Category Archives: Miscarriage

After Quinn

Two times I have laid on that table, looked up that screen, and wept because my child was still. Two times the Doppler was silent. Two times the Lord shattered my heart.

I could not will the tears to stop falling the first time. I clung to Christ, His Word, His promises and His hope. I grieved heavily but trusted Him fully.

I could not will the tears to come the second time. I was crushed. Felt forsaken. Confused. Hurt. I was doubtful of all those things I knew about Him in my head. Numb. For four weeks that baby stayed with me. I carried death. I was physically tormented for days upon days as my body recognized death and rid itself of it.

It wasn’t until I returned into the world, after my baby was gone and the physical healing had begun, that I was hit with grief.

Trapped in the hallway, walking in front of the one who still carries her baby. She tells a man she’s tired. I want to scream. I want to lash out at her and at the One who took away. I want to fall flat and weep all those tears that I should have been shedding for weeks.

But I keep walking. Tears surface and I’m thankful to finally feel sadness. Someone hugs me and I struggle to stay composed.

Why on earth would I feel like I need to stay composed? My baby died. I saw him still, I felt pain delivering him, I’ve been isolated and lonely and disconnected. My own family’s barely reached out, the knocks on the door have been few, and I’m a mess. Why shouldn’t I wail right there?

But I don’t. I don’t.

I walk upstairs. Take my seat next to the teenagers. Smile as I’m expected to. But every time he says the word “death” in his message I can barely stand it. Because I know it intimately.

That night I lay in bed and silently soak the sheet with tears. He lays a hand on me to test my breathing and knows I’m still awake.

So he reads.

“But we have this treasure in jars of clay, to show that the surpassing power belongs to God and not to us.”

I can’t stand it. Because I know He has all power and He did this.

“We are afflicted in every way, but not crushed;”


“Perplexed, but not driven to despair; persecuted, but not forsaken; struck down, but not destroyed;”

Why not? I feel despair and forsaken, though I know in my head I’m not. How am I not destroyed by this?

“Always carrying in the body the death of Jesus. . .”

I know what it is to carry death.

“So that the life of Jesus may also be manifested in our bodies. For we who live are always being given over to death for Jesus’ sake, so that the life of Jesus also may be manifested in our mortal flesh. So death is at work in us, but life in you.”

So the death in me is to work life in you.

Cruel. It feels so cruel right now.

But I know it’s truth. I know it’s good. I know that one day I will get to that point where I can do more than write it. I will speak it again.




I’m thankful there is a story beyond my own. The hard in this life would be too hard unless He was bigger than my story.

I’m thankful He’s writing it. Because in spite of he parts I would write differently, I know He’s weaving something beautiful.

He took a womb and four times grew amazing precious people. Unexpectedly to us, he gave us a fifth precious person that we dreamed about, planned for, and loved wholeheartedly as she grew for four months.

Then the doppler was silent and the screen showed her still.

To be empty when you are supposed to be full, to feel death when there ought to be life is to know brokenness in a wretched, personal way. The curse has hit full-force and I reel with grief.

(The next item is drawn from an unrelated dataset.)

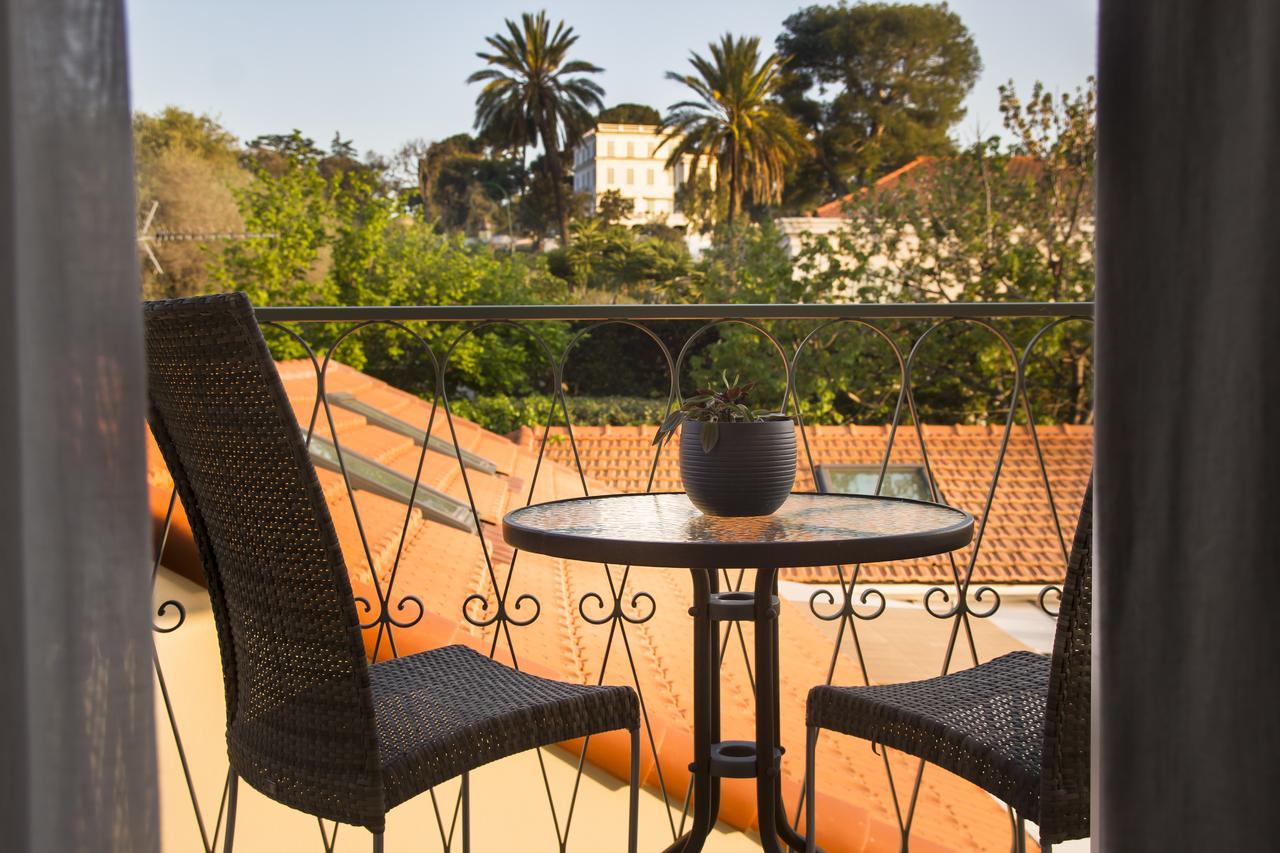 Hotell Boutique Fabulite Antibes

As I move forward, I want to keep the grief close. If the grief is near me, I haven’t moved past that child. She’s real. She exists. And even if she is never mentioned by another, she is still loved and thought of. Miscarriage is cruel like that. You lose a child but have no shared memories with others of that child. So there’s nothing to say– nothing to reminisce on– no way to easily mention that name. And so it seems the rest of the world has forgotten. I make sure I don’t.

Today is Wynne’s due date. But really it isn’t, is it? We thought she was due here, but that was never His intent. He created her, I grew her, and then she went Home before knowing this broken home we know. For her sake, I rejoice. For my sake. . . well, I’m still trying to get used to the idea that for the rest of my life, I’ll be desperately missing her.

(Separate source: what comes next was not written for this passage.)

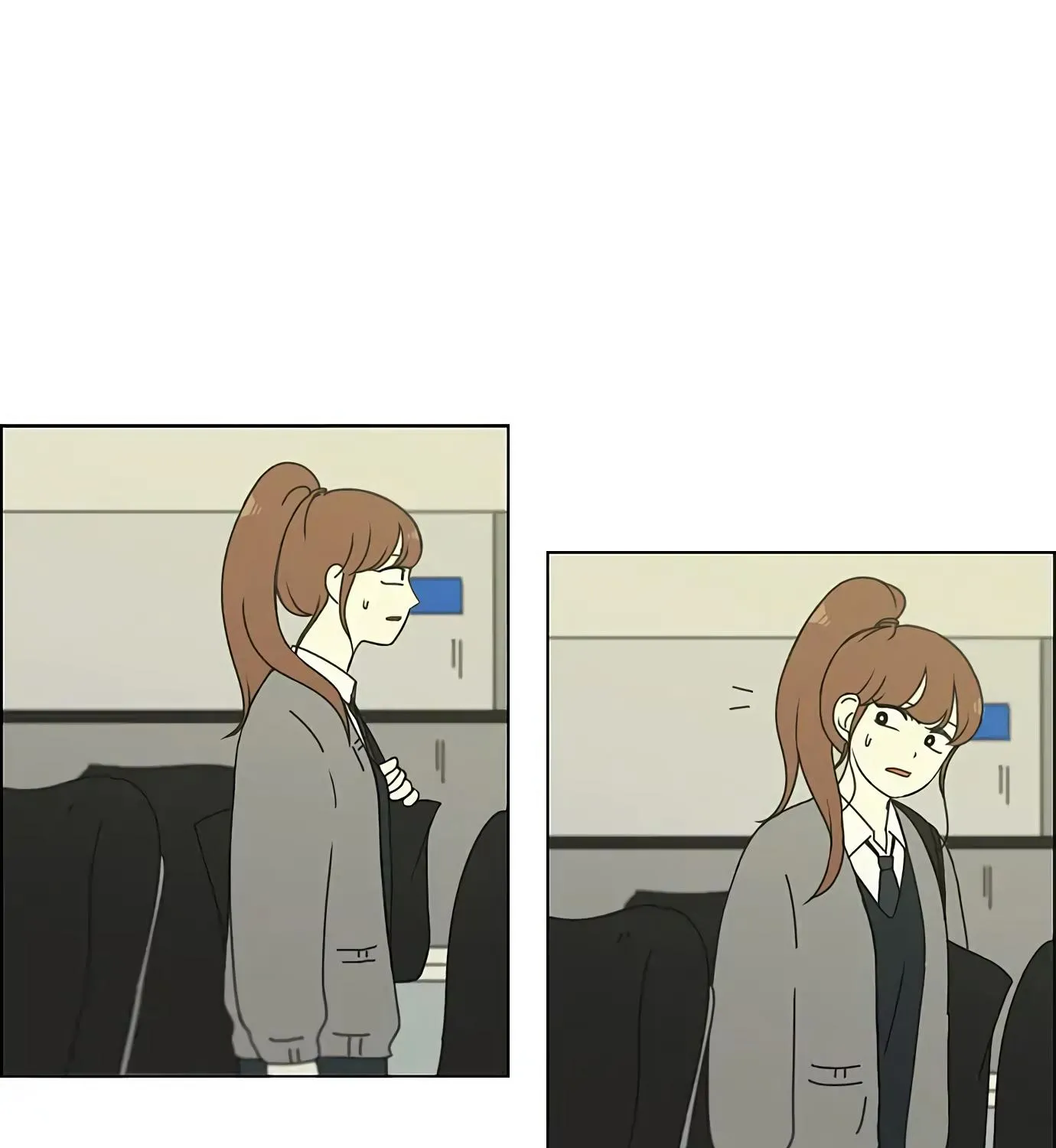 Yeonae Hyeokmyeong Chapter 126 page 4 -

I’m reminded of the uncertainty of life as we know it. With that, I’m reminded of the grace that accompanies every sunrise. I know the faithfulness that He folds me in from the moment my feet hit the floor. I know the power of Truth being broadcast into my ears, eyes, head, and heart in a steady flow all day long. I know His Presence because even in my darkest moments, He moves in with Truth and steers my heart toward Him. I know His comfort– as I sit behind a closed door weeping from a broken heart my mind never drifts to despair. He nudges me with hope.

I know this small piece of my story isn’t the end of His.

This knowledge is a grace. Though I wish today that I was kissing sweet baby cheeks, I am confident that He is good. And perhaps because this good is so painful, it urges me to constantly look up rather than at my own small story. And you can’t complain about something that pushes you to Him.